Tanto per cominciare ad Antonio Conte, cui l’Inter paga uno stipendio di 12 milioni netti pur avendo a libro paga anche un secondo allenatore (Spalletti, 5 milioni), il club ha comprato giocatori, nell’ultimo anno e mezzo, per oltre 230 milioni. Calcio & Finanza ha ricordato le cifre: Lukaku 67,2 milioni, Hakimi 40,5, Barella 40, Eriksen 26,9, Sensi 23, Lazaro 21, Godin 3,5, Darmian 2,5, Young 1,7, Kolarov 1,5 senza contare Sanchez che il Manchester United ha ceduto a zero pur di lasciare all’Inter il sanguinoso ingaggio del cileno: 18,2 milioni di sterline l’anno. Per la cronaca: anche il monte ingaggi dell’Inter è altissimo, tre volte superiore, ad esempio, a quello del Borussia Moenchengladbach che l’ha eliminata. Un anno fa, finito terzo alle spalle di Barcellona e Dortmund, nel famoso discorso del “con chi dovrei vincere, con Sensi che giocava nel Sassuolo e con Barella che giocava nel Cagliari?” Conte accampò la scusa dell’inesperienza dei giocatori.
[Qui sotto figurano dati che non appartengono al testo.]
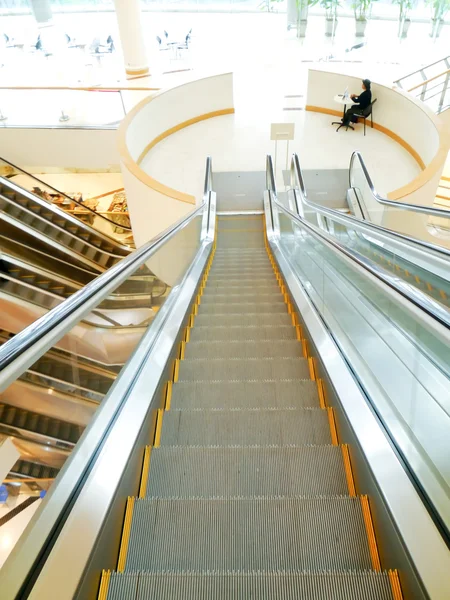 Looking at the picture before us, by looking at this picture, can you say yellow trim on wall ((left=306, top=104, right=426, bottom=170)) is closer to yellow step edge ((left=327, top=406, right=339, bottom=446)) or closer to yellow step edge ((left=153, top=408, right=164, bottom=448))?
yellow step edge ((left=327, top=406, right=339, bottom=446))

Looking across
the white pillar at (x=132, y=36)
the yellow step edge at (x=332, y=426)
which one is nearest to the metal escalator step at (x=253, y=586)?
the yellow step edge at (x=332, y=426)

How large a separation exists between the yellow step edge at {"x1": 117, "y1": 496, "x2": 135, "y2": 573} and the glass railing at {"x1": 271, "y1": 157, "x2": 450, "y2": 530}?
1.09 m

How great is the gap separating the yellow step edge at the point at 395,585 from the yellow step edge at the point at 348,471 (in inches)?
15.8

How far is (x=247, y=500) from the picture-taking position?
167 centimetres

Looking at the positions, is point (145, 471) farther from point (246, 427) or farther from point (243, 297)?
point (243, 297)

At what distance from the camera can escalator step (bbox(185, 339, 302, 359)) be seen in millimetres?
3107

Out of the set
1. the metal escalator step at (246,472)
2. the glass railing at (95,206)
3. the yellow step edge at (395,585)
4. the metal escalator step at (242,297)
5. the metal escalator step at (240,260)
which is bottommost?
the glass railing at (95,206)

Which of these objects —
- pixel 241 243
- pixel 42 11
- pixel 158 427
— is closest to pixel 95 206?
pixel 241 243

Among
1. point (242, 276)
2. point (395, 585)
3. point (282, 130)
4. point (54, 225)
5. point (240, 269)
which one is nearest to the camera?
point (395, 585)

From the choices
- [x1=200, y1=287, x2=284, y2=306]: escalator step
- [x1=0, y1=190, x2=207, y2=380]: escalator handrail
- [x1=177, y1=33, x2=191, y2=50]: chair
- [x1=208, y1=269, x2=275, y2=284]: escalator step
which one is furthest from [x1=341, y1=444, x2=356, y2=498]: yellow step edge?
[x1=177, y1=33, x2=191, y2=50]: chair

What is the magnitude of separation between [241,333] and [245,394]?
101 cm

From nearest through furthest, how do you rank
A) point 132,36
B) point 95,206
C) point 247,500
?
point 247,500 < point 95,206 < point 132,36

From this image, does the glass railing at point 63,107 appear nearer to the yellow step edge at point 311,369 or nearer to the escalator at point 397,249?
the escalator at point 397,249

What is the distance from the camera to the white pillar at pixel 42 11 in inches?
705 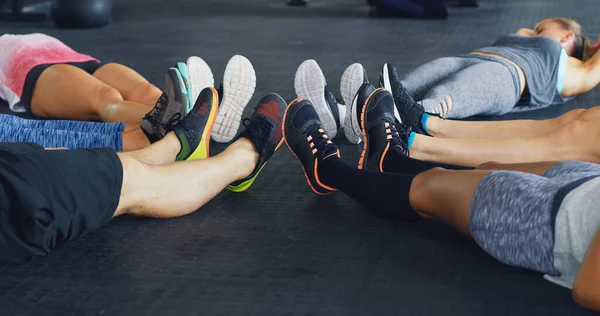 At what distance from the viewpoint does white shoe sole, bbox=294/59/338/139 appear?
7.61 ft

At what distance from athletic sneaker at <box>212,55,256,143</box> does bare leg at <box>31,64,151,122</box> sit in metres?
0.27

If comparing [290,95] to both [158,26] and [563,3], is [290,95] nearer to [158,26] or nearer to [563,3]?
[158,26]

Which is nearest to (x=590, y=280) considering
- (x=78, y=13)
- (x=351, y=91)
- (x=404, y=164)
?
(x=404, y=164)

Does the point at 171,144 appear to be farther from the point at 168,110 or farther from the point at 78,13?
the point at 78,13

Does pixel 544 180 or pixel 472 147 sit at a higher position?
pixel 544 180

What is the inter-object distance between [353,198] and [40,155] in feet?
2.49

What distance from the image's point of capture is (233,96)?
230cm

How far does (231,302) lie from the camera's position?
1.40m

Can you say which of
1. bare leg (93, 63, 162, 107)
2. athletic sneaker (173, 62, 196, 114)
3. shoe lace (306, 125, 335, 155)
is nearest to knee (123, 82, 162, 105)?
bare leg (93, 63, 162, 107)

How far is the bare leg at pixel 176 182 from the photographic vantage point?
1.60 metres

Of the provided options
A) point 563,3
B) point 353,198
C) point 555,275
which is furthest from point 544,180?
point 563,3

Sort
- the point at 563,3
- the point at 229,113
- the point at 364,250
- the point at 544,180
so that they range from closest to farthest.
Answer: the point at 544,180 < the point at 364,250 < the point at 229,113 < the point at 563,3

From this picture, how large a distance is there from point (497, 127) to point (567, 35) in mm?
1009

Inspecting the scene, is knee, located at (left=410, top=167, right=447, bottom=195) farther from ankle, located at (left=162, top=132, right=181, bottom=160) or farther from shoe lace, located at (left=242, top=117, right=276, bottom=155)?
ankle, located at (left=162, top=132, right=181, bottom=160) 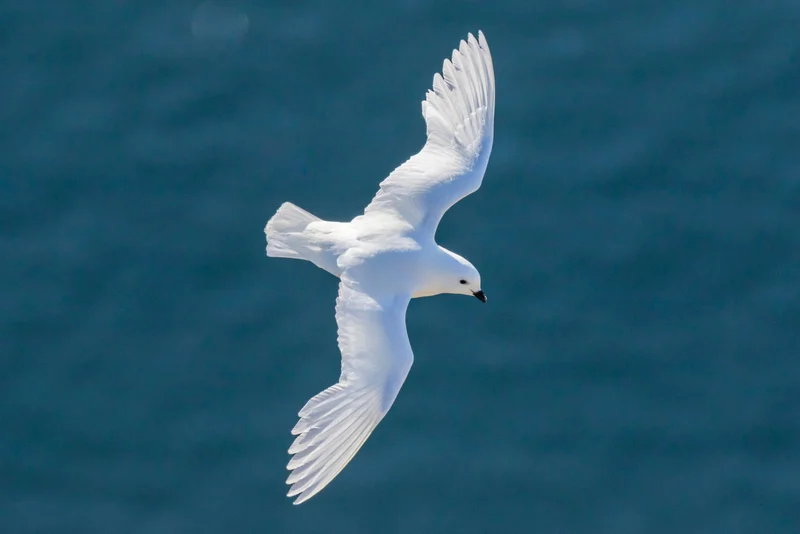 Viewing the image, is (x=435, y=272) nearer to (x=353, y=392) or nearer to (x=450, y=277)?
(x=450, y=277)

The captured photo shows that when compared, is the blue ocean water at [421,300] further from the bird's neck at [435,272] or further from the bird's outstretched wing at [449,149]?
the bird's neck at [435,272]

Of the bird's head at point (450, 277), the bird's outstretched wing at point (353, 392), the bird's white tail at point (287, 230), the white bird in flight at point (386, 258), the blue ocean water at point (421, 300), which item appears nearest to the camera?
the bird's outstretched wing at point (353, 392)

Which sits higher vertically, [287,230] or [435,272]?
[287,230]

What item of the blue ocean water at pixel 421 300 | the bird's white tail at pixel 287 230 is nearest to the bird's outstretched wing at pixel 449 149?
the bird's white tail at pixel 287 230

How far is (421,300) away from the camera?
20.0m

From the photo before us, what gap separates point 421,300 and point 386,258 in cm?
325

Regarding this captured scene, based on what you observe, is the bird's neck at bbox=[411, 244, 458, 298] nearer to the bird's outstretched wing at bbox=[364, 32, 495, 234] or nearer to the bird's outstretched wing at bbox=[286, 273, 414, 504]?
the bird's outstretched wing at bbox=[364, 32, 495, 234]

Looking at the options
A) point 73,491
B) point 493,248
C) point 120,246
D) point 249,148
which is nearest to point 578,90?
point 493,248

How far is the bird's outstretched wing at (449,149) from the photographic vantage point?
17.5 metres

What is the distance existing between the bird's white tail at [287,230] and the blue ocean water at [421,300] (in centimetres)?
239

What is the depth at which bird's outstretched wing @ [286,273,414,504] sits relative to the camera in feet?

Peccato che a far fuori l’Inter fosse stato il Borussia Dortmund (che ancora non disponeva di Haaland) e cioè la squadra in assoluto più giovane di tutta la Champions League.

Quest’anno, stizzito per le polemiche sull’esclusione di Eriksen e l’impiego a singhiozzo di Hakimi, Conte ha motivato le sue scelte parlando della “maggiore difficoltà del calcio italiano, molto tattico, al quale giocatori come Eriksen e Hakimi devono abituarsi”. E tuttavia non si capisce quali vantaggi porti all’Inter e al movimento questo decantato tatticismo del calcio italiano se l’Inter viene regolarmente eliminata da squadre tedesche non irresistibili (il Dortmund di Hakimi un anno fa, il Moenchengladbach quest’anno) e se Liverpool e Bayern, cioè inglesi e tedeschi, vincono in carrozza le due ultime Champions. Nella finale vinta dal Liverpool nel 2019, detto en passant, in campo c’era anche un certo Eriksen, leader di quel Tottenham che nel suo cammino aveva messo sotto tra gli altri pure l’Inter.

La verità è dunque ben diversa: e riguarda Conte e la sua comprovata inadeguatezza al palcoscenico della Champions. Fuori ai gironi con 1 partita vinta su 6, fuori l’anno scorso con 2 vittorie su 6, Conte in Europa è una tragedia fin dai tempi della Juventus (oltre che del Chelsea): basti ricordare i pareggi con avversari ridicoli come Nordsjaelland e Copenaghen e l’eliminazione ai gironi patita per mano dei turchi del Galatasaray. Lui non vuole sentirlo dire, ma la verità è che la “pazza Inter” esiste ancora: è quella che paga 12 milioni un generale Custer che siede in panchina. E ogni anno porta tutti a Little Bighorn.